Il y a d’ailleurs beaucoup d’animaux sur le disque.
Oui, c’est le fait d’habiter ici. Tous les matins, je pars pendant une heure, en raquettes ou à pieds. Je croise des biches, des sangliers, des renards. Je vois plus d’animaux que d’humains. C’est naturel de les retrouver sur le disque.
Que lisais-tu au moment de l’écriture ?
Je me suis fait Camus. Je ne connaissais pas et j’ai lu un paquet de trucs. L’Homme Révolté (1951), par exemple, m’a beaucoup influencé. Il y a une façon d’interpréter mon disque qui doit trouver sa place dans ce livre-là. Ce n’est pas le chef-d’œuvre qu’on dit, mais c’est quand même vachement bien.

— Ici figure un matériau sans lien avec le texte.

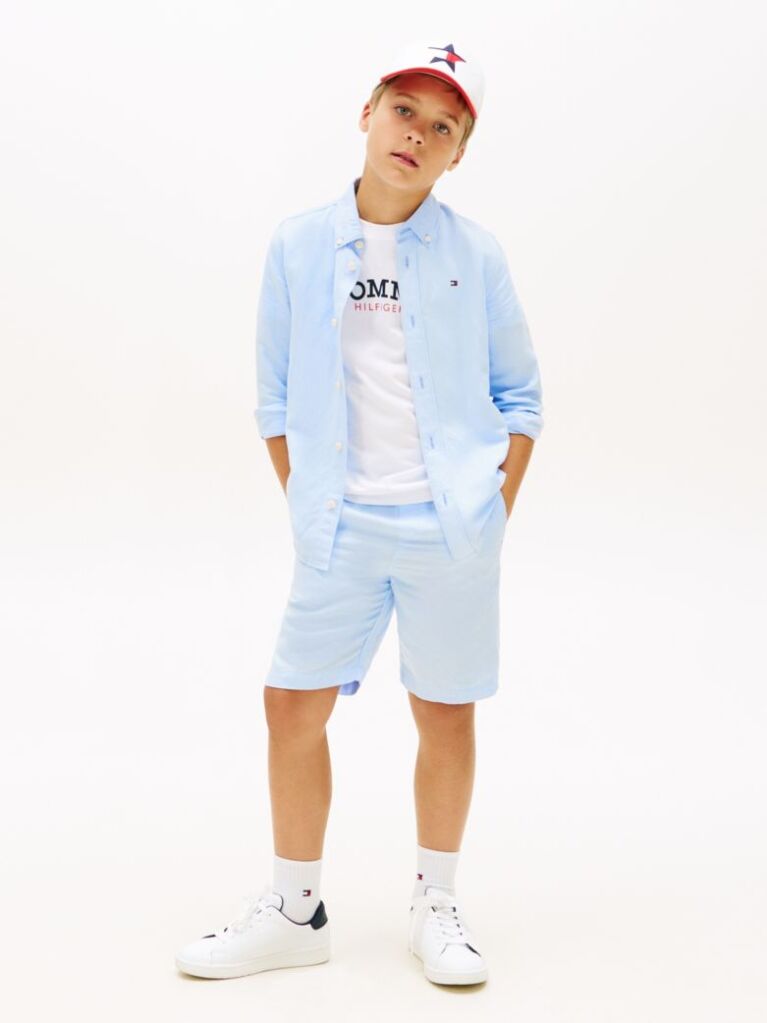 Blue Relaxed Fit Flag Embroidery Linen Blend Shirt  Boys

Nous nous étions rencontrés il y a quelques années à Paris, lors d’un concert de Vic Chesnutt. Comme lui, tu sembles avoir opté pour la guitare nylon, le dépouillement, une poésie chagrine et imagée.
Je n’écoute pas la musique de Vic Chesnutt tous les jours, mais instinctivement, c’est ce que j’aime. Je l’ai vu un paquet de fois. J’ai tout ce qu’il a pu faire depuis ses débuts et je me suis toujours senti assez proche de lui, sans trop savoir pourquoi d’ailleurs. Il allait déjà vraiment mal lors de son dernier concert à Clermont-Ferrand. Pourtant, c’était sensationnel. Il a terminé par une chanson des Stones en rappel. Les deux tiers des “musicologues” clermontois présents ce soir-là ont quitté la salle pendant le spectacle. Une vraie catastrophe ! C’est mon dernier souvenir de Vic Chesnutt, et cela renforce mes énervements (pour ne pas dire plus) à l’égard de Clermont.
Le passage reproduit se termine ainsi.